Tax on black money
The most important way to view demonetisation is as a tax administration measure, one designed to tax holdings of black money. Of course, demonetisation of large denomination notes is not exactly the same as demonetisation of black money. Some cash holdings were perfectly “white”, the fruit of income upon which taxes had either been paid or had not been applicable in the first place (agricultural income, for example).
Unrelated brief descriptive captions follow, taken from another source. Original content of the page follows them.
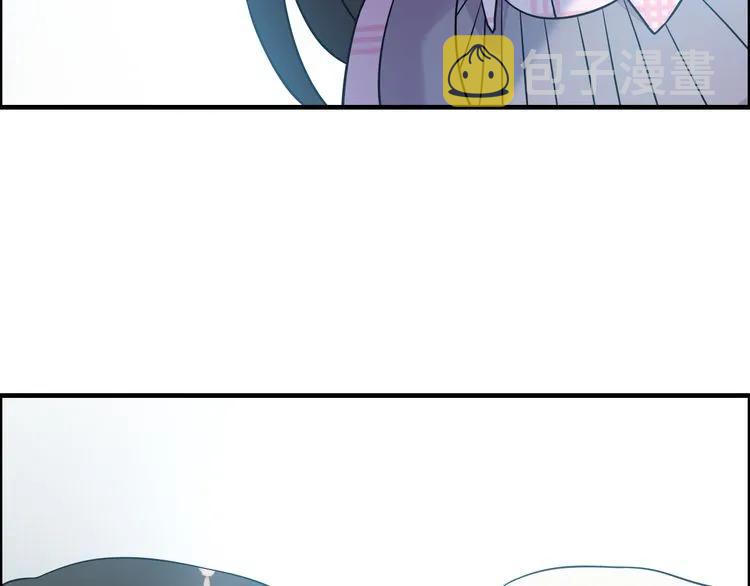 第103话 被下药5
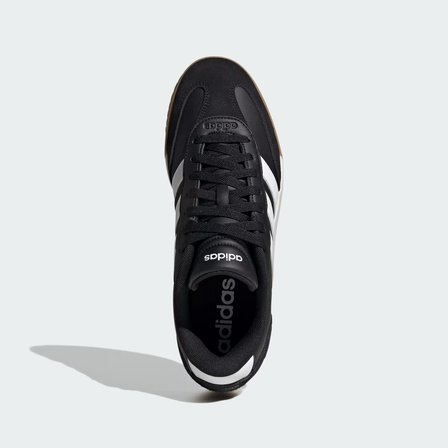 adidas VL COURT FC HQ0052 SS26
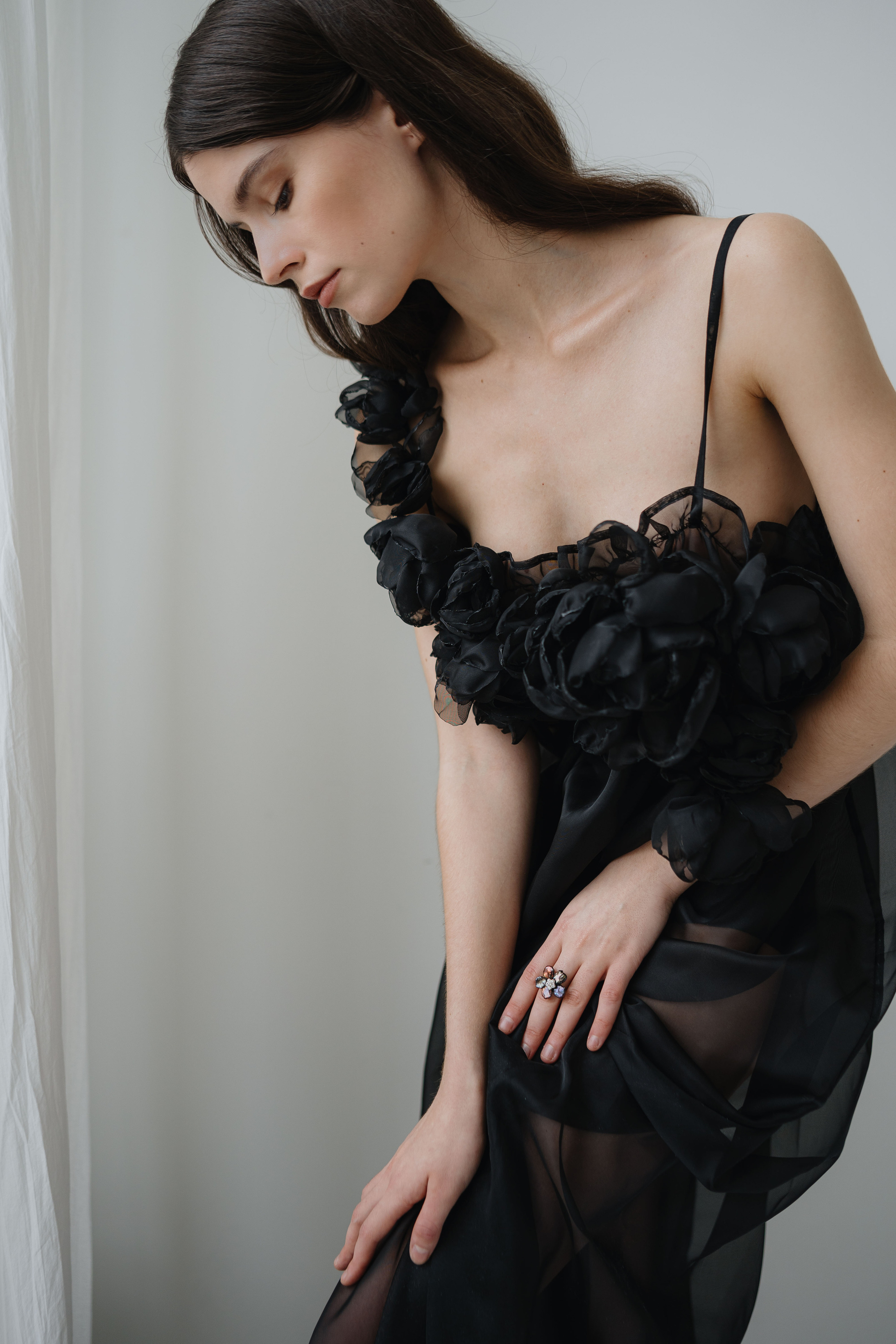 Портфолио. Свадебный фотограф Катерина Чулкова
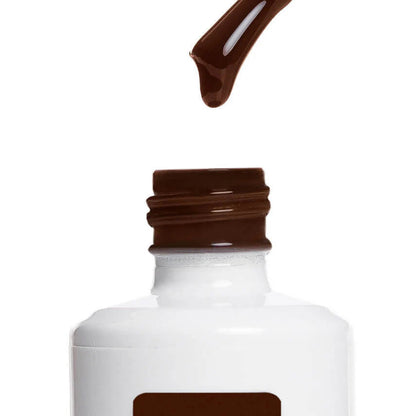 American Creator - Coffee (Brown), 15ml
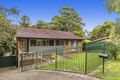 Property photo of 76 Graham Street Glendale NSW 2285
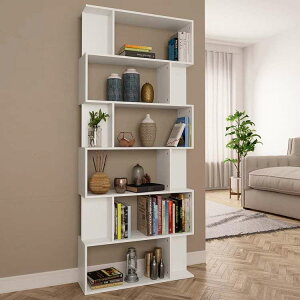 vidaXL I[vbN/Ԏd؂ F 80x24x192cm p[eBN{[hƋ I {IEI[vbN(s)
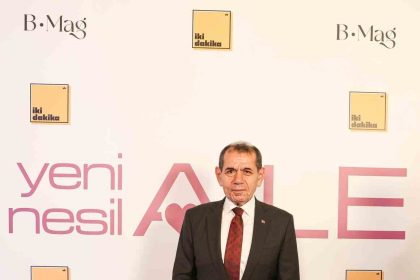 dursun-ozbek-sampiyonlar-liginde-yukari-dogru-gitmek-istiyoruz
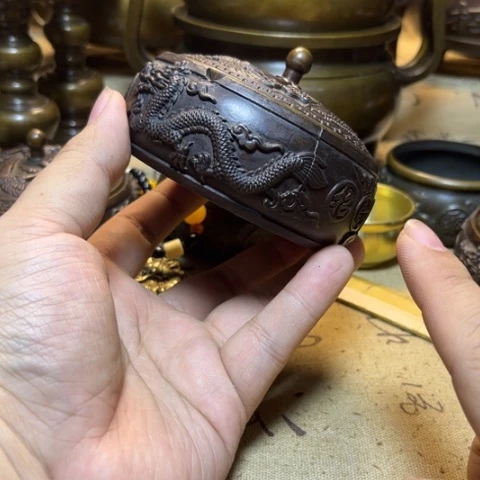 铜999999999999999999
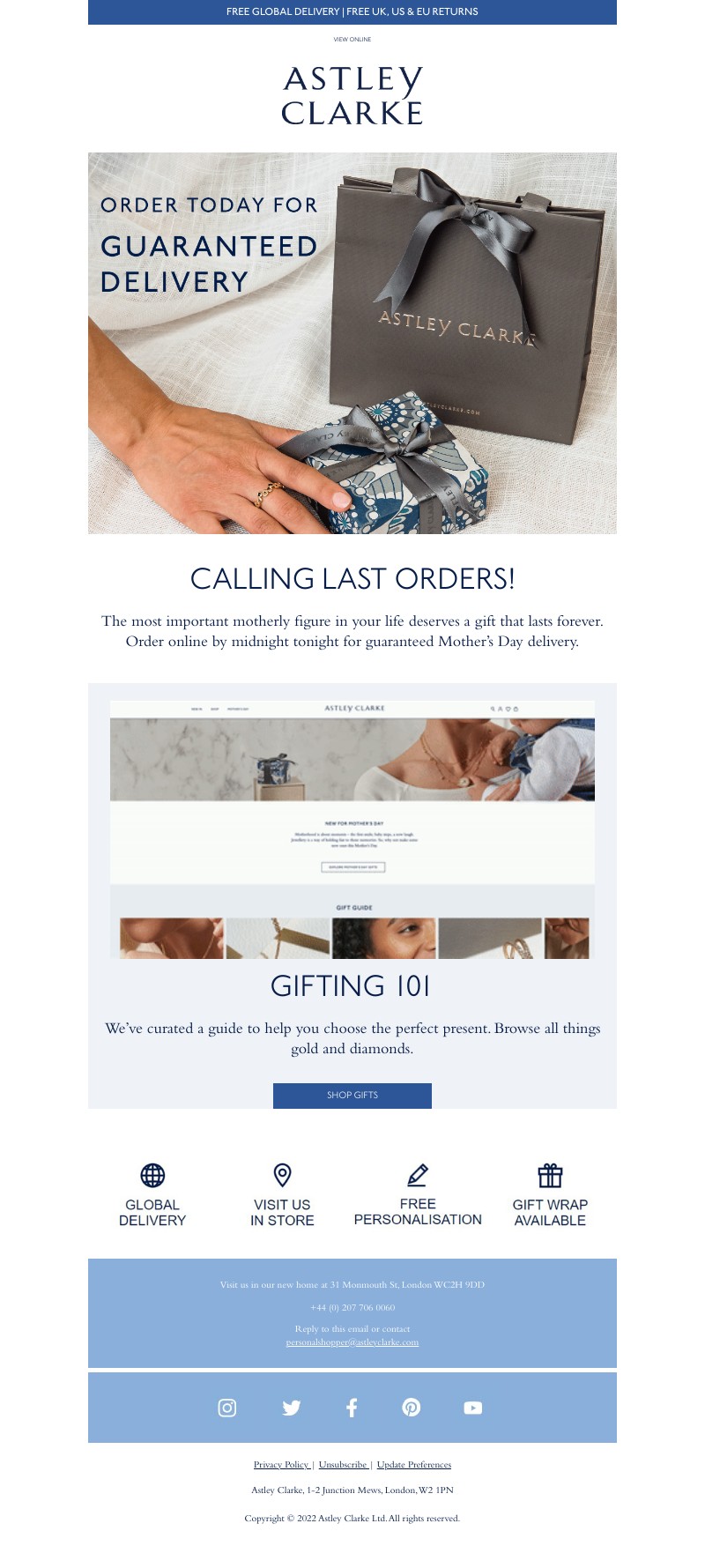 Screenshot of email with subject /media/emails/e8c8cba0-c4a2-495c-8a19-28a32ae1acdd.jpg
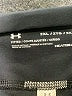 Under Armour Solid Black Active Pants Size XXL - photo 4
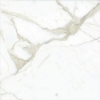 Picture of Bedrosians - Magnifica The Thirties Polished Calacatta Super White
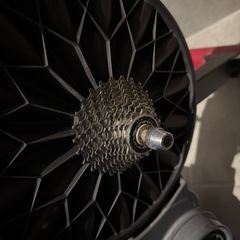 ELITE VOLANO　の画像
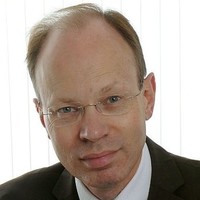 Hans van der Valk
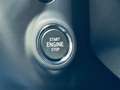 Skoda Octavia Lim. Active 1.0 TSI * 1.HAND * 8xREIFEN Blau - thumbnail 4
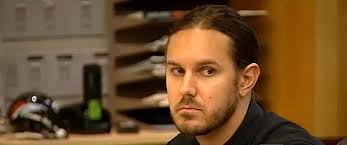 No Image. According to Radio.com, a judge has denied AS I LAY DYING frontman Tim Lambesis&#39; request to have his prison sentence reduced by the amount of time ... - lambesiscourtsept2013_638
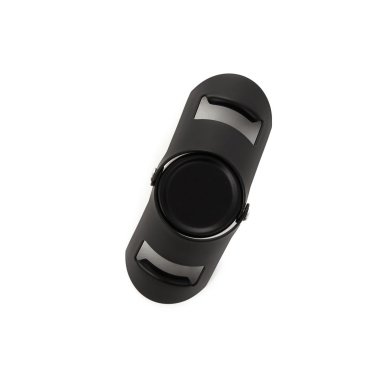 Пробка для вина ALCOLE Черный 218530 фото - 3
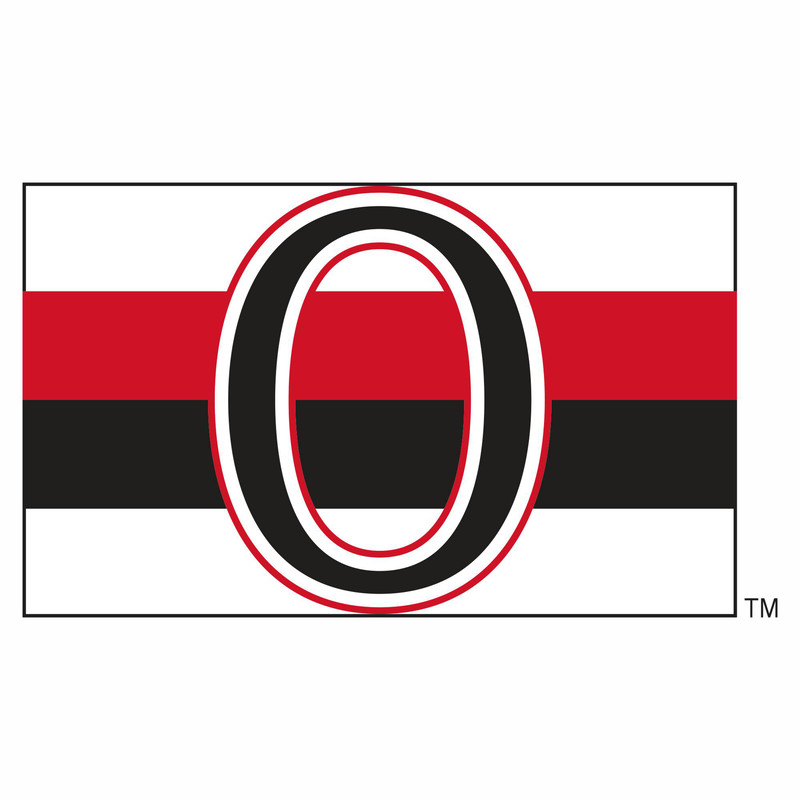 Ottawa Senators.jpg5.jpg
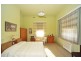 43 Booth Street, Golden Square VIC 3555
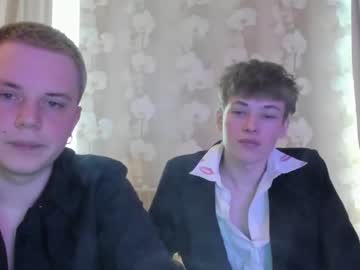 webcam man rick_owen21 capture image #5523797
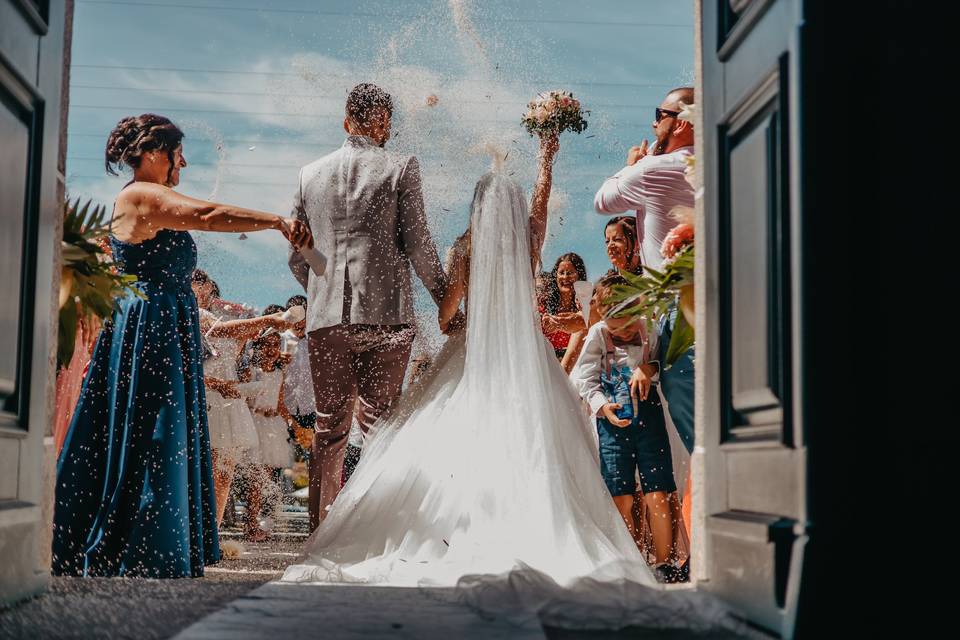 Fotos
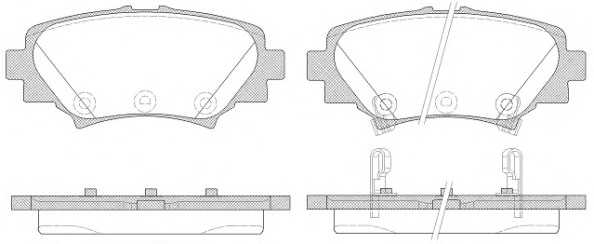 remsa 157002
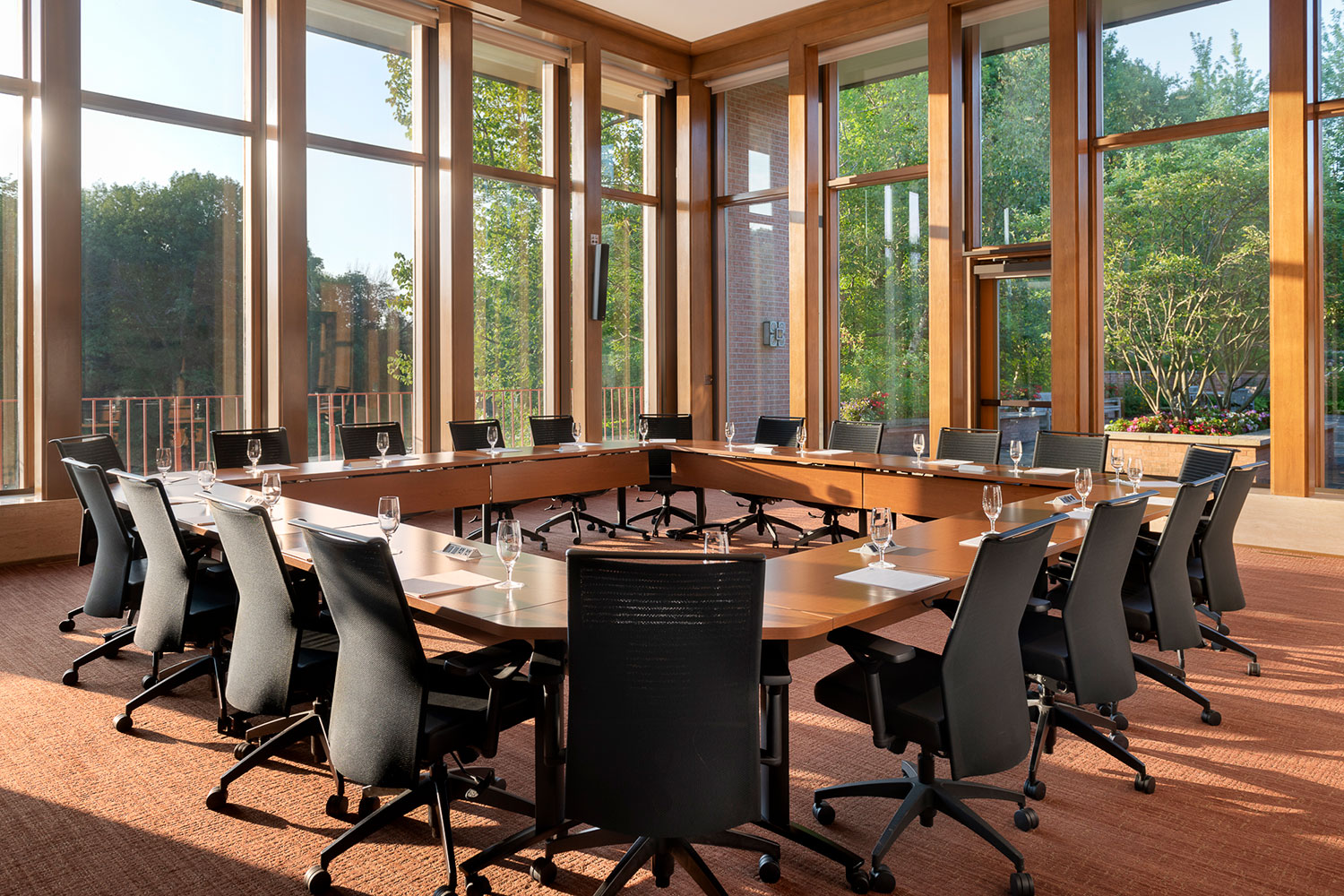 3d-virtual-tours-wingspread-retreat-conference-center-wind-point-wi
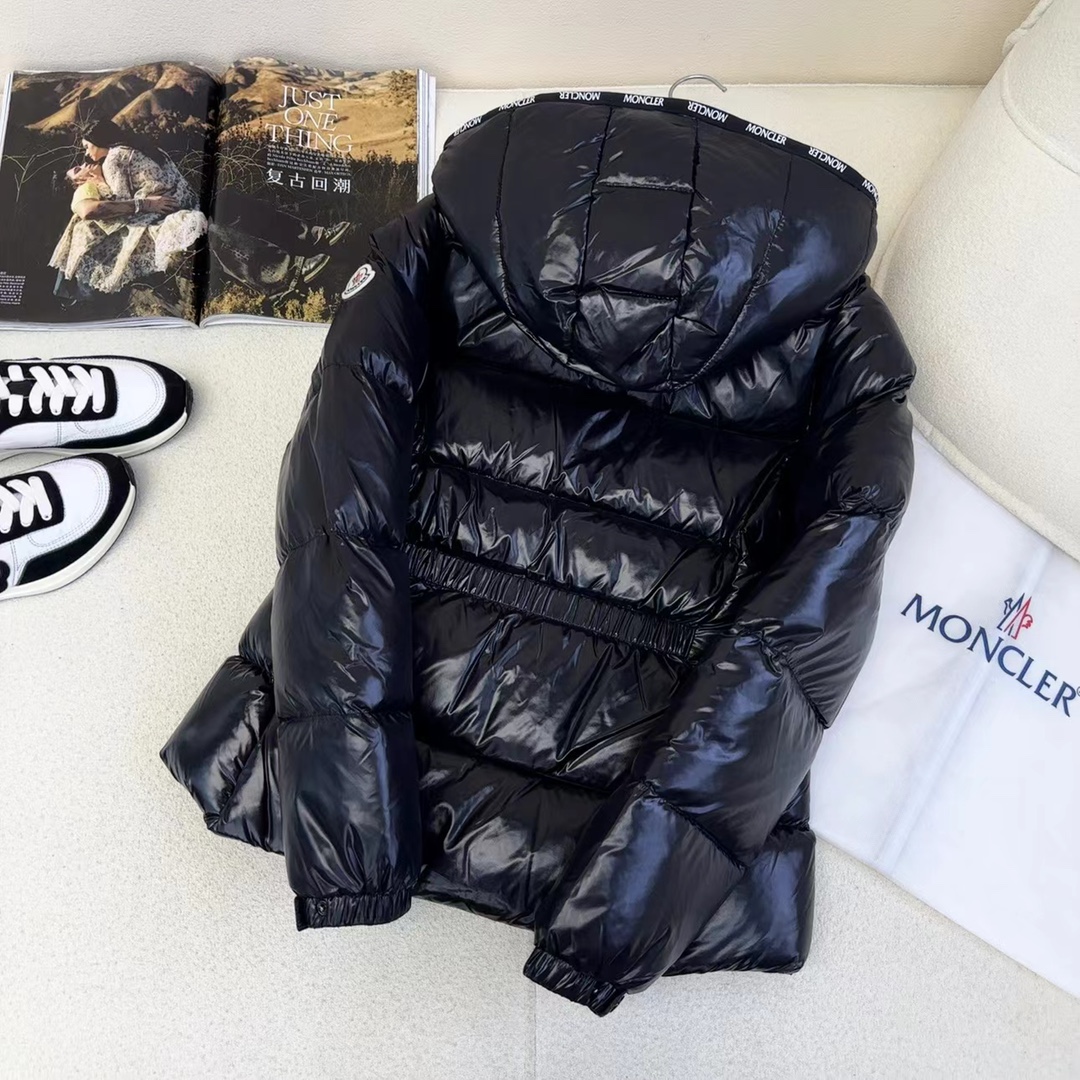 1697816386.6344EyLzPauhQR4 2.jpg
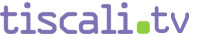 Tiscali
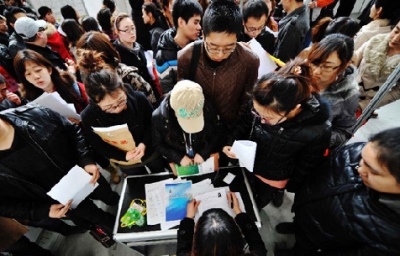 28.8万人就业！广东以就业帮扶为重要抓手打好脱贫攻坚战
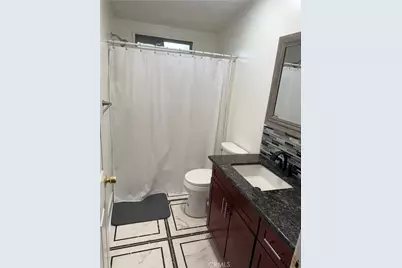 2920 Clark Road #F 38, Oroville, CA 95965 - Photo 20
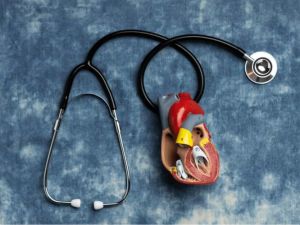 Understanding Coronary Artery Disease: Key Insights and Treatment Options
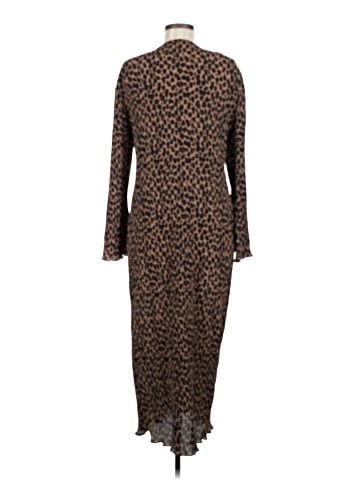 Never Fully Dressed Cocktail Dress (view 2)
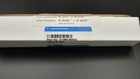 Agilent G1960-80060  Fast Switch Capillary  0 6 Mm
Cash holdings arising from income that had been declared could readily be deposited at banks and ultimately exchanged for new notes. But those with black money faced three difficult choices. They could:
- Declare their unaccounted wealth and pay taxes at a penalty rate;
- Continue to hide it, not converting their old notes and thereby suffering a tax rate of 100 percent; or
- Launder their black money, paying a cost for converting the money into white.
Tax compliance
Demonetisation can also be interpreted as a regime shift on the part of the government. It is a demonstration of the state’s resolve to crack down on black money, showing that tax evasion will no longer be tolerated or accepted as an inevitable part of life. Since this action has commanded support amongst the population, demonetisation shows that black money will no longer be tolerated by the wider public, either. Demonetisation could also aid tax administration in another way, by shifting transactions out of the cash economy and into the formal payments system. With large denominations eliminated, households and firms have begun to shift from cash to electronic payment technologies.